== Materials provided

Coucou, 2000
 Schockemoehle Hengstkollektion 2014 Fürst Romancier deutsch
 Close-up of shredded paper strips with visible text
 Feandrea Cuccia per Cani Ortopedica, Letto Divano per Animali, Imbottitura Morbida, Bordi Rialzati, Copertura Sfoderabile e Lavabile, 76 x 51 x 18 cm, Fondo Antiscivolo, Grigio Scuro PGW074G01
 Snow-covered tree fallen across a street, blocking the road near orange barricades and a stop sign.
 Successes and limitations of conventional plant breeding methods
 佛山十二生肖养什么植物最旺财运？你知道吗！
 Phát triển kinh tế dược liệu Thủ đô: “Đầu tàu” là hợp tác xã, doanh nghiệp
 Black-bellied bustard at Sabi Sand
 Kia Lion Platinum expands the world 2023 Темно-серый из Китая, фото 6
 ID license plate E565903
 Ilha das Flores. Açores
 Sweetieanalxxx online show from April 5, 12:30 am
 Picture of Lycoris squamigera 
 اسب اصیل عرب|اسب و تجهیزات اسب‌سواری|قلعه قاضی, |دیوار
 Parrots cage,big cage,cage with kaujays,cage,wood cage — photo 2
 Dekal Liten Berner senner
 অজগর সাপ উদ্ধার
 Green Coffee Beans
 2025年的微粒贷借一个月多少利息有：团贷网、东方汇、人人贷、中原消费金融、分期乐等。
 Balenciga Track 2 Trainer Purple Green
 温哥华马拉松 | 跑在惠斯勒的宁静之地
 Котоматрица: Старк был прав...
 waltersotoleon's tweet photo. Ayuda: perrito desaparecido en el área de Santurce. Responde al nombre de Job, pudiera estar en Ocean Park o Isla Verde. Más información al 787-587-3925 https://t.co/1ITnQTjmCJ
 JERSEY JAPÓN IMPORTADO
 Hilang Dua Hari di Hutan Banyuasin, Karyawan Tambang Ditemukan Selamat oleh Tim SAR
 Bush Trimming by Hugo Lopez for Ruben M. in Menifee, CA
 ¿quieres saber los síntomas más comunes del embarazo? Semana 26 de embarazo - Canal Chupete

====

Using the data above, reproduce exactly the lines between those holding "佛山十二生肖养什么植物最旺财运？你知道吗！" and "Ilha das Flores. Açores", inclusive, and no others.

 佛山十二生肖养什么植物最旺财运？你知道吗！
 Phát triển kinh tế dược liệu Thủ đô: “Đầu tàu” là hợp tác xã, doanh nghiệp
 Black-bellied bustard at Sabi Sand
 Kia Lion Platinum expands the world 2023 Темно-серый из Китая, фото 6
 ID license plate E565903
 Ilha das Flores. Açores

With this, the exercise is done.